An “energy agenda from the 19th century” is how the Green Party has described the plan in a press release.
Green Party Energy spokesperson Dr Kennedy Graham says the leaked plan makes it clear that the Government does not “have a logical, coherent plan”.
“On one of the first pages of the document, the strategy acknowledges that oil prices and the cost of greenhouse gases will rise.
“But instead of developing a plan to reduce our reliance on these unsustainable energy sources, it goes on to prioritise fossil fuels like offshore oil drilling and lignite — the dirtiest coal,” says Graham.
And though the leaked document states that there have been a “large number of quality submissions on the draft New Zealand Energy Strategy and the draft New Zealand Energy Efficiency and Conservation Strategy,” Graham says the government has ignored a large number of quality submissions that supported the development of renewables, energy efficiency and new technology rather than exploiting fossil fuels and mineral resources.
“We can have a smart, green economy that delivers real prosperity—for that we need a smart, green Energy Strategy. New Zealand’s prosperity in the future will depend on investment in clean, green technology and sustainable jobs, not opening our shores to foreign companies to exploit a 19th century resource,” he says.
Meanwhile the Environment and Conservation Organisations (ECO) says the strategy needs an urgent revision , also pointing to its over-emphasis on oil and gas exploitation and coal development.
“The strategy alarmingly includes a reference to the exploitation of marine methane hydrates and lignite: both are disastrous ideas,” says ECO co-chair Cath Wallace.
She says the government has an opportunity to get ahead of our trading partners with investment in renewables and energy efficiency.
“Going down the extractive path leads New Zealand on an outmoded high carbon development track delaying the regearing of the economy.”
The draft strategy reveals a renewable target for electricity generation, which states:
“The government retains the aspirational, but achievable, target that 90 percent of electricity generation be from renewable sources by 2025 (in an average hydrological year) providing this does not affect security of supply.”
But how exactly the government plans to achieve that isn’t made abundantly clear according to Wallace, who says the draft does not have any strategies on how to get to the strategy’s 90 percent renewable target or the 10-20 percent reduction in greenhouse gas emission by 2020 or the 50 percent reduction by 2050.
When questioned by Green Party co-leader and Acting Minister of Energy and Resources Russel Norman yesterday about the leaked plan, Hekia Parata defended it by saying "the government is yet to finalise its energy strategy".

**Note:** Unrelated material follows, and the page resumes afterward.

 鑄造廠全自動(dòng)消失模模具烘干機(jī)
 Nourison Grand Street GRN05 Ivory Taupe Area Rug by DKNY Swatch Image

When Norman pressed on and asked Parata if she was "aware that if New Zealand goes ahead and digs up its lignite coal, as proposed in the draft strategy, it will result in the release of greenhouse emissions equivalent to 150 times our current annual emissions, and how is that compatible with the “50 by 50” target for reducing emissions?", Parata replied again with the very undescriptive: "The government has not yet finalised its energy strategy."